Het mooie van ouder worden is dat je terugkeert naar je kindertijd. Om de doodeenvoudige reden dat je lichaam slijt, je spieren verstijven en je gewoon trager wordt terwijl de wereld om je heen steeds sneller gaat. De wereld om mij heen verandert sneller dan ik bij kan houden. Mijn eigen vertrouwde taal  is in vergetelheid geraakt. Vervangen door woorden waarvan ik de betekenis niet kan vatten. Schrijfwijzen veranderen sneller dan dat het jaar duurt waarin kinderen moeten blijven zitten. Diploma’s hebben de liefde vermalen die zich eerst kenbaar maakte in ervaring en vakmanschap. Diepgang is bedolven onder oppervlakkigheid. Waarheid is compleet overruled door de leugen waarop dit hele wereldgebeuren is gebaseerd. 

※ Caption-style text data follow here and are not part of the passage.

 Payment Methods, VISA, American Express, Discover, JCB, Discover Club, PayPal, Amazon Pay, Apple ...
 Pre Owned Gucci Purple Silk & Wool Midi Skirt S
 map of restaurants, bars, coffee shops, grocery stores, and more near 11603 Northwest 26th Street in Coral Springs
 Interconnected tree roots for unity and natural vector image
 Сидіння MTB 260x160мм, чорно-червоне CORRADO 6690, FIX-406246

De reden en het doel als mens geboren te worden om God als creatief beginsel in jezelf te vinden is nog slechts tot een enkeling door gedrongen. Van kinds af aan worden we lichamelijk, psychisch en geestelijk verminkt, vergiftigd, worden we systematisch onderdrukt, gemanipuleerd, geprogrammeerd en gemaakt tot slachtoffer danwel monster. Onbewust verworden we tot proefkonijnen van wetenschappen die voorbestemd zijn om achterhaald te worden. Worden we gestimuleerd te geloven dat we zijn wat we in een boek hebben gelezen en onze maatschappelijke positie waar kunnen maken door te pronken met andermans veren. 

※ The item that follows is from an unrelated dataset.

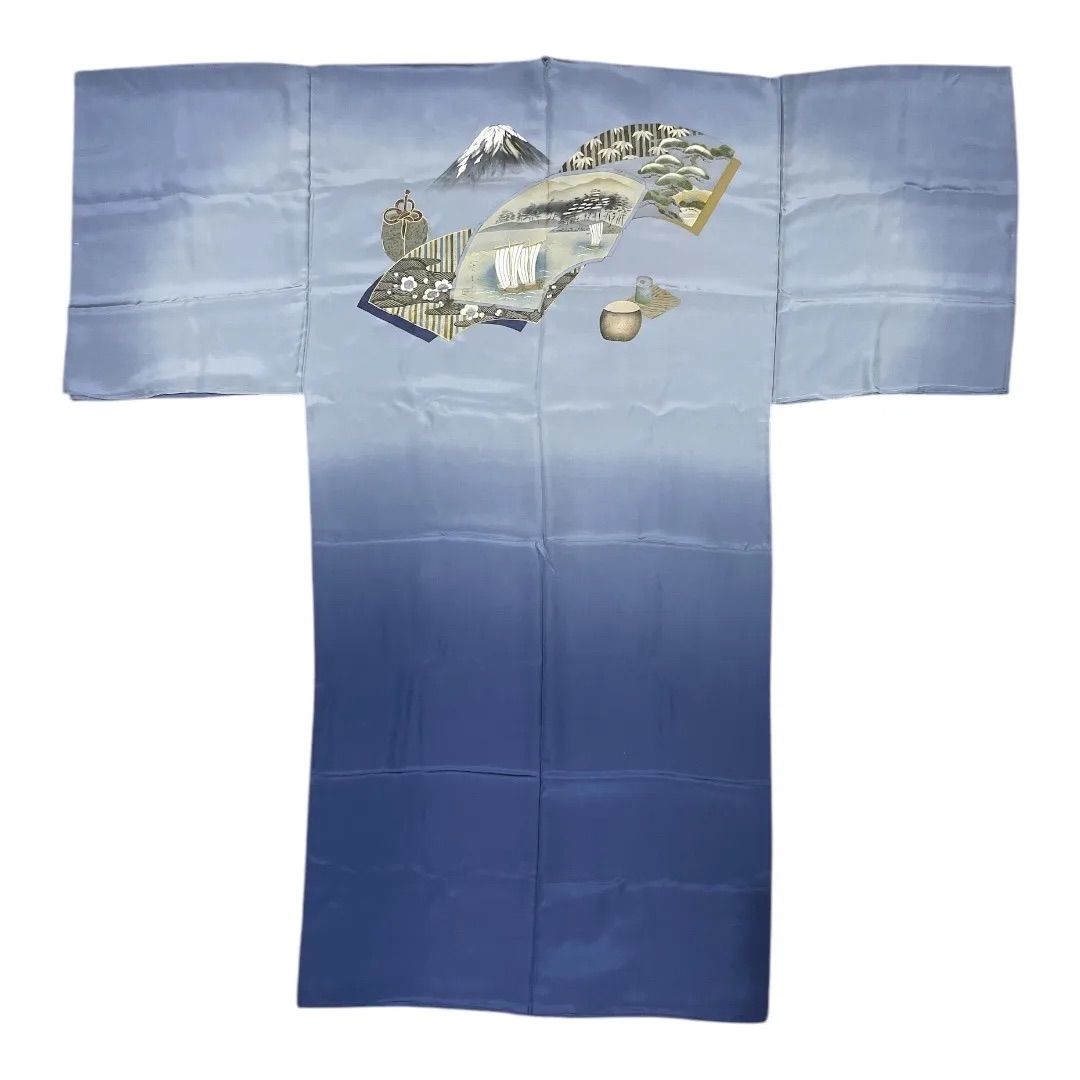 B品 ME-A-248 正絹 長襦袢 富士 山 富士山 キングサイズ仮仕立て 和装下着 メンズ 男性 青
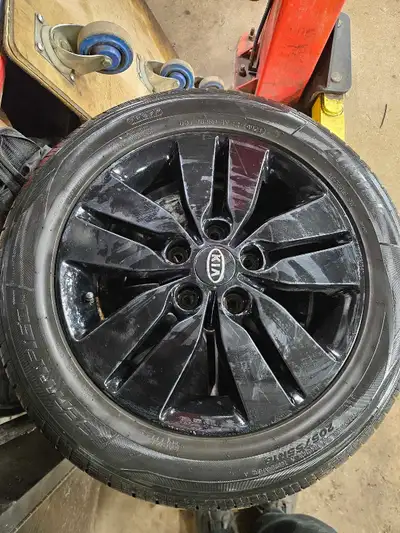 Came off 2013 kia forte koup factory black wheels. Tires are certified altrack with 8/32 even treadw...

Ons is en wordt wijs gemaakt dat er geen andere weg is om ons zelf te realiseren dan door onze ziel te verkopen aan een duivelse virtuele wereld die ten onder gaat aan z’n eigen vernuft. Intussen hebben we de verbinding met de aarde waaruit ons lichaam bestaat en die ons voedt veronachtzaamt en zo goed als verbroken. Wetenschappelijk onderbouwd stevenen we af op totale ondergang van alles waar we in wezen diep dankbaar voor behoren te zijn. Gedreven door hebzucht tracht het ego de bedoeling van ons bestaan te ondermijnen door te negeren dat samenwerken met de natuur  iets heel anders is dan de natuur en het universum willen overtreffen. 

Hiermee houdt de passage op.